South African gold mining shares finished trading less than 0.1 percent higher, having reached a two-year low after gold entered a so-called bear market as bets that Greece may quit the euro eroded the metal’s appeal.
The FTSE/JSE Africa Gold Mining Index slid as much as 3 percent to the lowest since February 2010. AngloGold Ashanti Ltd., Africa’s biggest producer of the metal, rose 0.9 percent to 263 rand, reversing a 3.1 percent decline. Bullion for immediate delivery slipped as much as 1.1 percent to $1,526.97 an ounce, the cheapest since Dec. 29, before recovering to $1,542.68 an ounce by 5:05 p.m. in Johannesburg.

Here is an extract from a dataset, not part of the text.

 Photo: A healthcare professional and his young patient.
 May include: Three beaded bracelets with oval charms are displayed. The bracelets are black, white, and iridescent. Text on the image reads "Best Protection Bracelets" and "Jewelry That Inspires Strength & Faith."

Concern about Greece exiting the euro boosted the dollar, making it more attractive than bullion to some investors. A second Greek vote will be held, possibly next month, as gridlock followed a May 6 ballot in which voters rejected the austerity program that underpins the country’s bailout accords. German Finance Minister Wolfgang Schaeuble called the new election a referendum on whether Greece stays in the common currency.
“Commodity prices were unrealistically high as a direct result of a combination of easy and cheap money from quantitative easing and the threat of inflation,” Peter Major, an analyst at Cadiz Corporate Solutions, a unit of Cadiz Holdings Ltd., said by phone from Cape Town. “The market is efficient and it looks ahead. Mining houses have been weak for four or five months now; investors definitely saw weaker prices going forward.”
The Dollar Index, a six-currency gauge, climbed for a 13th day, the longest winning run since its inception. The euro dropped to $1.2681, the weakest since Jan. 17.
Gold’s earlier retreat took it 20 percent below its all-time high of $1,921.15, hit on Sept. 5. Spot gold’s so-called 14-day relative strength index dropped to 20.93, below the level of 30 that some analysts regard as signaling a rebound.